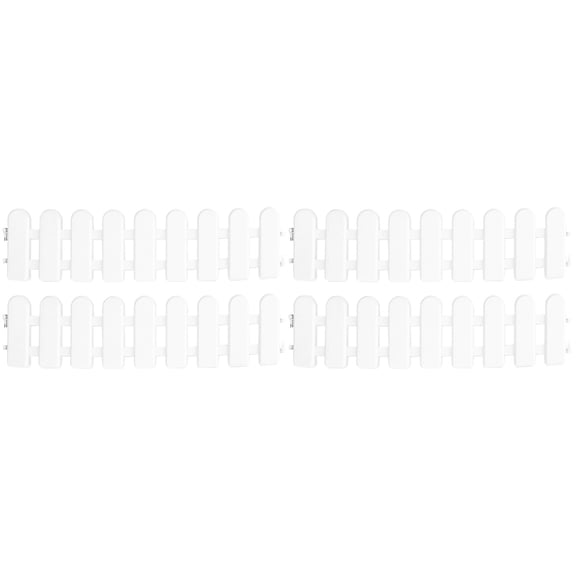 BERTDOMD 4-Pack White Mini Picket Fence Decorations for Christmas Tree, Party, Home, Garden - Plastic Miniature Fencing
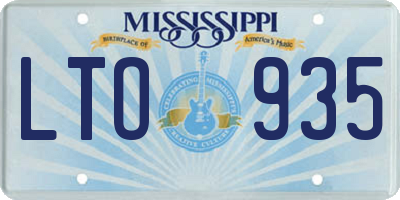 MS license plate LTO935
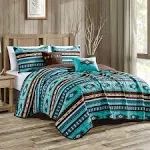 Linen Mart Southwestern Turquoise Tan Aztec Coverlet - 5 Piece Set (King)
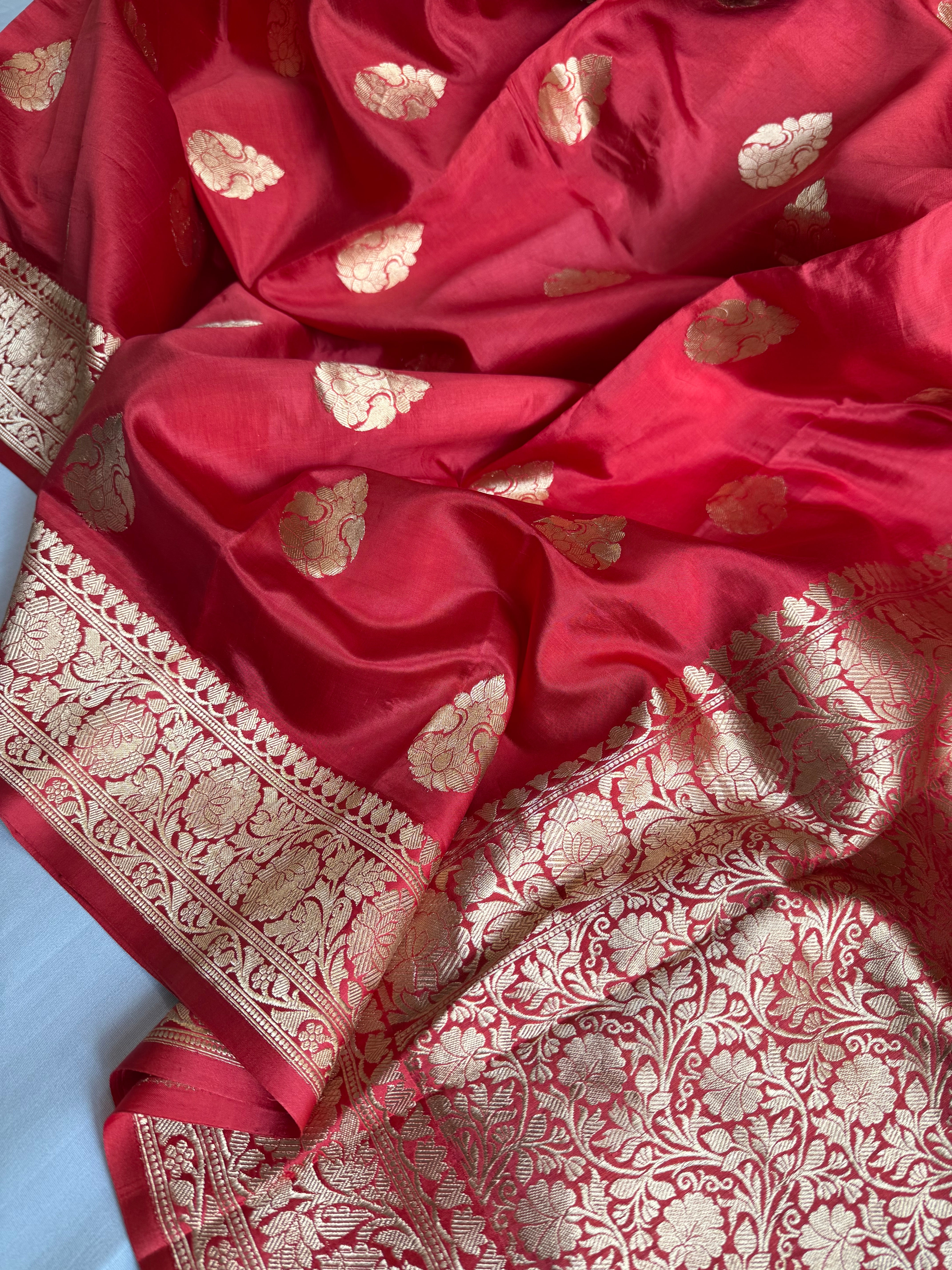 Tomato red pure banarasi chiniya silk kadhwa saree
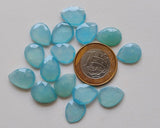 12x16mm Blue Chalcedony Rose Cut Pear Flat Back Cabochons, Blue Cabochons Faceted Pear Cabochons For Jewelry (5 Pcs To 10 Pcs) - BGP333Z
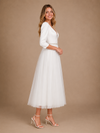 ChicSew Beautiful V-Neck 3/4 Sleeves Satin Tulle A-Line Tea-Length Wedding Dresses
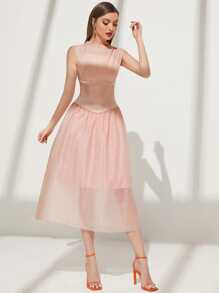 Modelyn 網紗拼接後鎖孔連衣裙 - 淺粉色 - 查看 5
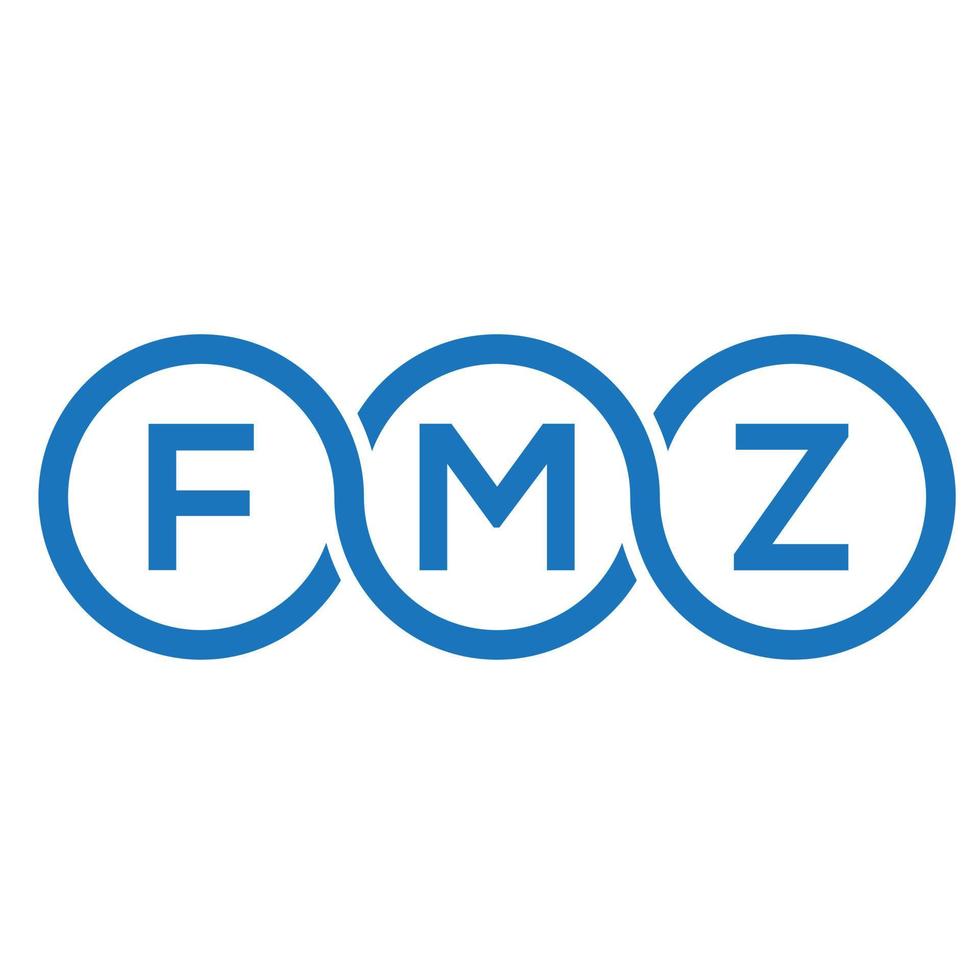 création de logo de lettre fmz sur fond noir. concept de logo de lettre initiales créatives fmz. conception de lettre fmz. vecteur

※

*Assignment*.
Starting with the first line of the material above and ending with the line that holds "12x16mm Blue Chalcedony", write out those lines exactly, without pictures.

*Solution for this task*.
 BERTDOMD 4-Pack White Mini Picket Fence Decorations for Christmas Tree, Party, Home, Garden - Plastic Miniature Fencing
 MS license plate LTO935
 Linen Mart Southwestern Turquoise Tan Aztec Coverlet - 5 Piece Set (King)
 Tomato red pure banarasi chiniya silk kadhwa saree
 12x16mm Blue Chalcedony Rose Cut Pear Flat Back Cabochons, Blue Cabochons Faceted Pear Cabochons For Jewelry (5 Pcs To 10 Pcs) - BGP333Z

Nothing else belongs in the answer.